Novels and memoirs with food memories and recipes have become all the rage. Here are four recent ones that serve up good stories, with lots of tasty details.

I Loved, I Lost, I Made Spaghetti by Giulia Melucci

Ever since Nora Ephron whipped her emotions into mashed potatoes in "Heartburn" and Laura Esquivel's Tita let her passions boil over in "Like Water for Chocolate," food has been a centerpiece of countless memoirs and novels. Here are a few of the most recent:

I LOVED, I LOST, I MADE SPAGHETTI

Grand Central, 288 pages, $23.99

Giulia Melucci revisits her dating history in terms of the food she prepared. A jack of all trades in the New York publishing world, Melucci is a whiz at making a feast from humble ingredients, and she generously shares recipes for everything from her father's minestrone to "spaghettini in a white truffle oil peignoir." She's less successful at turning the authors, editors and television producers she dates into marriage material. Despite the disappointments, she maintains a sense of humor (sometimes hilariously bitter), as displayed in the directions for "[Expletive]-You Cakes": "Do not overmix, as this will make for tough cupcakes and you've suffered enough."

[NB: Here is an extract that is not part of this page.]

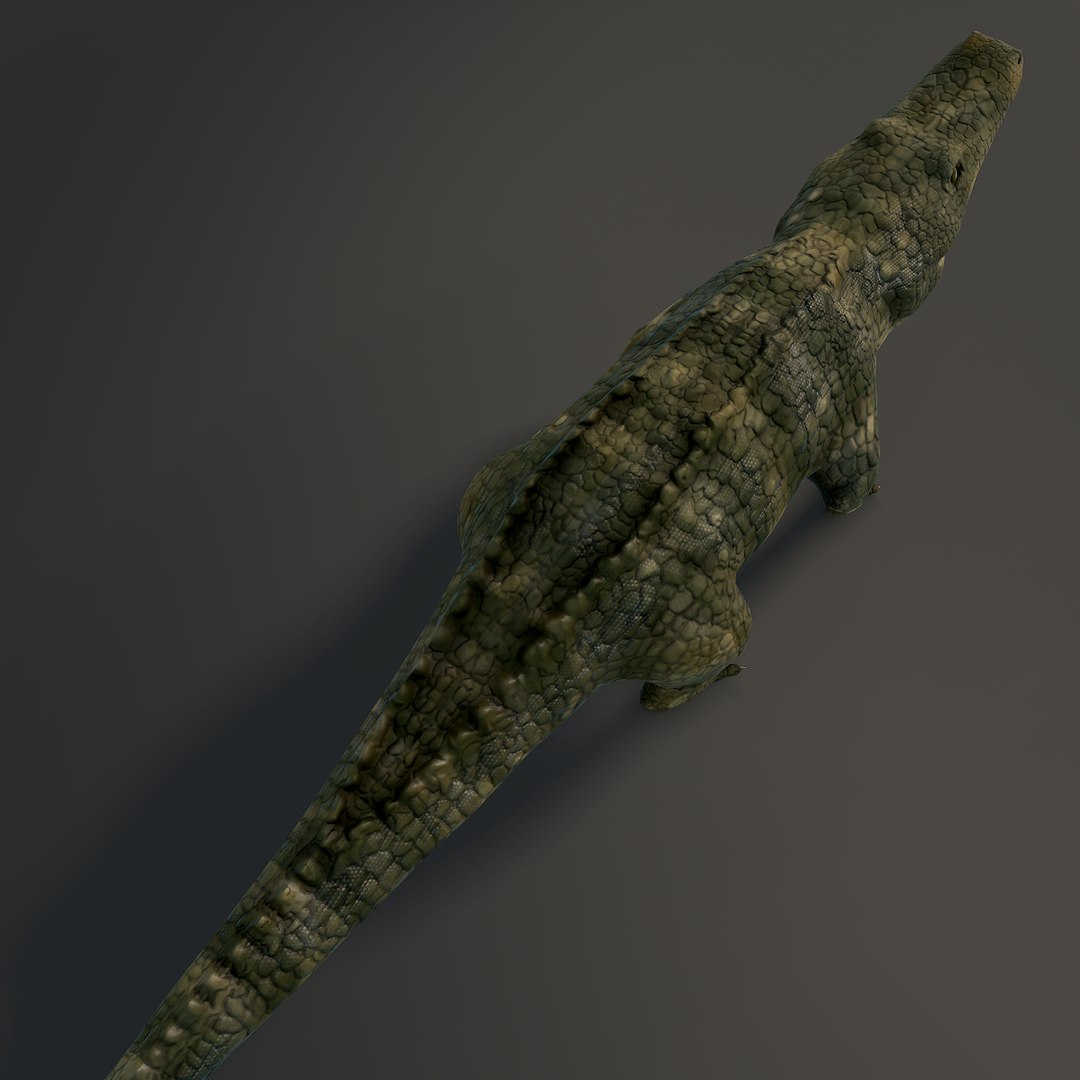 Crocodile Rig Animation 3ds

Eventually, she accepts that living alone is no reason to forgo cooking delicious food. Her "Spaghetti With Arugula and Pine Nuts" serves one, but she adds: "If you want to double this recipe and make it for a boyfriend, that's your problem."

Readers (single or otherwise) have another option: Quadruple the ingredients, invite friends over and offer a toast to a writer who knows the way to her own heart.

HOW TO COOK A DRAGON

Seal Press, 256 pages, $16.95

Where Melucci's tale is effortlessly engaging, Linda Furiya delves more deeply in her story. A Japanese-American, she grew up in Indiana and was beginning to feel a part of San Francisco's Asian communities. Then she decided to test her romantic future with an old friend by following him to China. For anyone, this course of action might be unwise, but Furiya's struggle to find and assert her identity was complicated by culture shock.

People mistook her for a native, but it was her white boyfriend, Eric, who was fluent in Mandarin. She felt resentful of his work, uneasy around his housekeeper, fearful of the teeming city streets and uncertain about her ability to find work.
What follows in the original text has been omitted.